* **Your instructions**
Print, exactly and without pictures, the lines from the one where "() X6 X6 2015 xDrive35i" appears down to the end of the entries.

* **Records supplied**
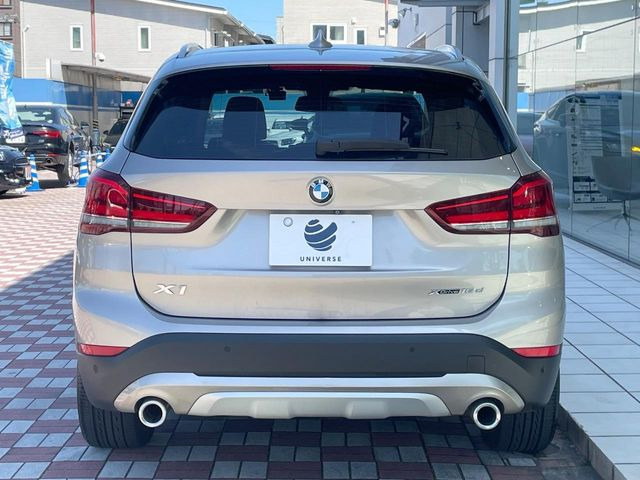 �������̒ʂ��Y��ȏ�Ԃ��ێ����Ă��邨�Ԃł����A�����ȃL�Y�̏󋵂⑼�̉ӏ��̂��ʐ^��������ł��܂��B�������̕��ł����S���Ă���������������l�A���q�l�̂���]�ɉ����ďo������育�Ή������Ă��������܂��B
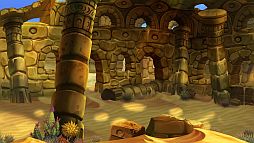 ꡼ No.002 | NINETY-NINE NIGHTS ONLINEסƥॢåץǡ5Ƥ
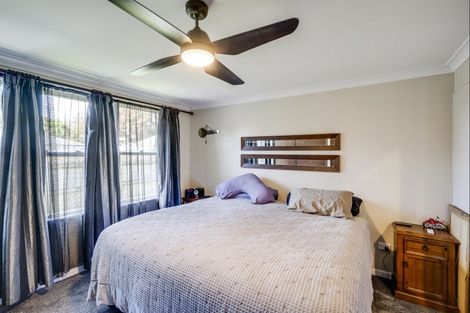 Photo of property in 1107 Willowpark Road North, Mayfair, Hastings, 4122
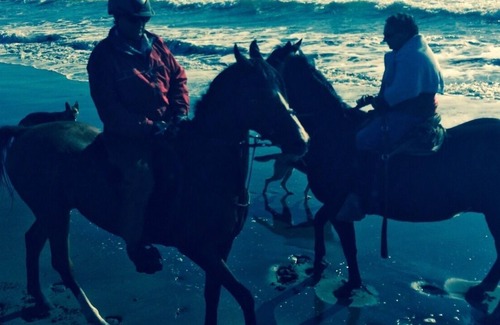 Santo Domingo Bed & Breakfast | Welcome to Scandinavia Hotel B & b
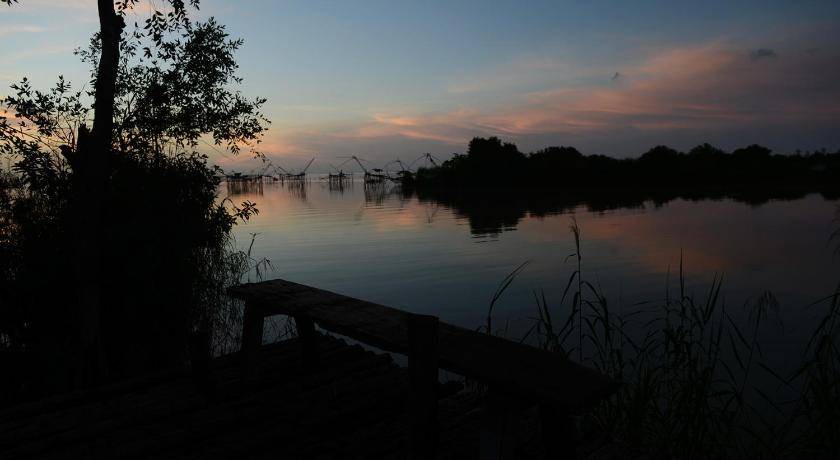 Photo of Others in Khuan Khanun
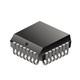 Microchip Technology-MT9196AP1-Interface - Telecom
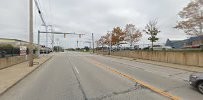 Northern Ohio Scrap Services Corporation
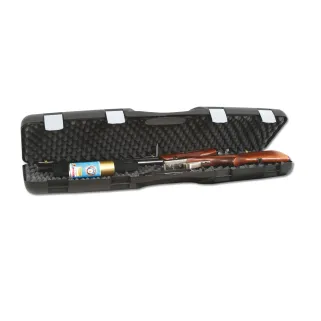 Mallette pvc pour fusil STANDARD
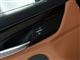 () X6 X6 2015 xDrive35i  
һҳ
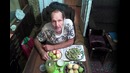 Очистка организма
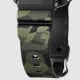 Casio G-Shock GA700CMG-3A (GA-700CMG-3A) Camo and Gold Analog Digital Watch front view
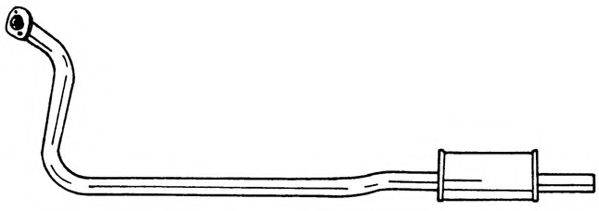 AKS DASIS SG50160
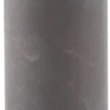 Load image into Gallery viewer, Kibblewhite Precision Intake Valve - Honda 30-30220T - Side View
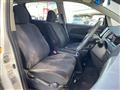 2013 Toyota Estima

* **Written answer**
 () X6 X6 2015 xDrive35i  
һҳ
 Очистка организма
 Casio G-Shock GA700CMG-3A (GA-700CMG-3A) Camo and Gold Analog Digital Watch front view
 AKS DASIS SG50160
 Load image into Gallery viewer, Kibblewhite Precision Intake Valve - Honda 30-30220T - Side View
 2013 Toyota Estima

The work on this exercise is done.